Task details: Answer with a number only, stating how many lines of the records hold the word "Road".

Working data:

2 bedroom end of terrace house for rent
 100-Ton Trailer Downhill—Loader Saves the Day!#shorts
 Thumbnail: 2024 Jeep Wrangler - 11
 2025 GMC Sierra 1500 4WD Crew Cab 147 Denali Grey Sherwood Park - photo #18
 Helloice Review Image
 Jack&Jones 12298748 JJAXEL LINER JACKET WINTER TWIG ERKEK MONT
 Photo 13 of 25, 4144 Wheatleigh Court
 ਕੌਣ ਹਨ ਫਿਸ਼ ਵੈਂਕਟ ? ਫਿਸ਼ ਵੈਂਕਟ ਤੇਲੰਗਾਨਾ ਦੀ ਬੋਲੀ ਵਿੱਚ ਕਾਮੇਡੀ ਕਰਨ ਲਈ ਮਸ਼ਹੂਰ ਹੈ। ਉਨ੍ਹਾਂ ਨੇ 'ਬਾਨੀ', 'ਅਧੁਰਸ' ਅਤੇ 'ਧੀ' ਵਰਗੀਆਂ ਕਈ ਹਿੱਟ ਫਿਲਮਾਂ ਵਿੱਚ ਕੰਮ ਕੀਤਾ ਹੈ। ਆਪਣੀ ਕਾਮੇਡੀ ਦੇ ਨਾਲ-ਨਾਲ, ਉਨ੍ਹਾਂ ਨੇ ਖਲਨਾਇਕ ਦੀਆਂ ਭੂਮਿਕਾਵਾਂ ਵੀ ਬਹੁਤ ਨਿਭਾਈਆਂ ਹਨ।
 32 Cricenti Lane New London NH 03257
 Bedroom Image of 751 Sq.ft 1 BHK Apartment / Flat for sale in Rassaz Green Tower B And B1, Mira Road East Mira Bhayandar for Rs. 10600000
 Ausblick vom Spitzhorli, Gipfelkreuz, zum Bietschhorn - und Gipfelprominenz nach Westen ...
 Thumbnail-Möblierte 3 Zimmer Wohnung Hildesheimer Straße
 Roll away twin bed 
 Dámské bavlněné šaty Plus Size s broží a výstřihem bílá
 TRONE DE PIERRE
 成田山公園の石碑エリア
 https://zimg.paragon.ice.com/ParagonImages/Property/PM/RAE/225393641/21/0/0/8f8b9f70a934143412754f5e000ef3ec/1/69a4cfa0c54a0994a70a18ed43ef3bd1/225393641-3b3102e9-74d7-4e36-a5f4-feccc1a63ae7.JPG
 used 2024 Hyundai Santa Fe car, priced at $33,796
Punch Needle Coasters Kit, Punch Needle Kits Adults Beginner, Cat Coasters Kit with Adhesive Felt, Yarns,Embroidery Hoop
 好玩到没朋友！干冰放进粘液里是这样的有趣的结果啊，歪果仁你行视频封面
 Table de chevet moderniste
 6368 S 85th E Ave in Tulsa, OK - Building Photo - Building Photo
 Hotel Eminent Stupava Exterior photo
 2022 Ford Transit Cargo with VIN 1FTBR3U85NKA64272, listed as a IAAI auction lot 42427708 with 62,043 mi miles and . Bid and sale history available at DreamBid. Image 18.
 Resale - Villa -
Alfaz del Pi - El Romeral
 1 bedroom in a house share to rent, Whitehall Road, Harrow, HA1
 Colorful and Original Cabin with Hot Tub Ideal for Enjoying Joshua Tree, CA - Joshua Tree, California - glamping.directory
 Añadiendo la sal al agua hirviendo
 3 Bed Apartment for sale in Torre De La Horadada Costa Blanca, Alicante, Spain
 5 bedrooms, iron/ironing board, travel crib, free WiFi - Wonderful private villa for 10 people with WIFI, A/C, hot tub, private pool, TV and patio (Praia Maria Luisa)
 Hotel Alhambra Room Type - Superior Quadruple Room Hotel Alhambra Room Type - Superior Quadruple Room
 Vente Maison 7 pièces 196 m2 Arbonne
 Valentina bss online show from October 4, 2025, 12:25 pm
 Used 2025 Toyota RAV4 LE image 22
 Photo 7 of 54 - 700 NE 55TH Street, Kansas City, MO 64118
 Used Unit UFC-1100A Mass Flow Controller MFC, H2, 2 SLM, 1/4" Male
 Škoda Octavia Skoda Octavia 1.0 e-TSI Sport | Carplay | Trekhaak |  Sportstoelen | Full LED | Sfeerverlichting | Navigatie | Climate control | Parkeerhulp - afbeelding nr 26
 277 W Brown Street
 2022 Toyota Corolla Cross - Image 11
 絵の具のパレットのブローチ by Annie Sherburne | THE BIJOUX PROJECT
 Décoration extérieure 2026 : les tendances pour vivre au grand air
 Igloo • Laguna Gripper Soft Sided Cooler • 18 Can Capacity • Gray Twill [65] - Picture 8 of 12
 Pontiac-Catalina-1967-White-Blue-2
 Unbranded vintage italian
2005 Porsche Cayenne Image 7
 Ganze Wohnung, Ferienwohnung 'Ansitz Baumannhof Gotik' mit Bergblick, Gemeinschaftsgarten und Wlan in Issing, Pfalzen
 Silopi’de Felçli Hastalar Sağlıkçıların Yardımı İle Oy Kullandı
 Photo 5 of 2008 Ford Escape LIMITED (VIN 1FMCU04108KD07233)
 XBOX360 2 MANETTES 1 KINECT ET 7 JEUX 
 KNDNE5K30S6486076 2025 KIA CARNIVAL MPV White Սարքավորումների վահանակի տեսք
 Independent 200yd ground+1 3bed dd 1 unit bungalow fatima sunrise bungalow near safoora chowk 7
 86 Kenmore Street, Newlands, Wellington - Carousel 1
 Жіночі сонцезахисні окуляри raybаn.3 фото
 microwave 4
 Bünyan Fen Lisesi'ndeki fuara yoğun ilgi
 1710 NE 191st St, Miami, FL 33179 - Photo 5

Exercise output: 2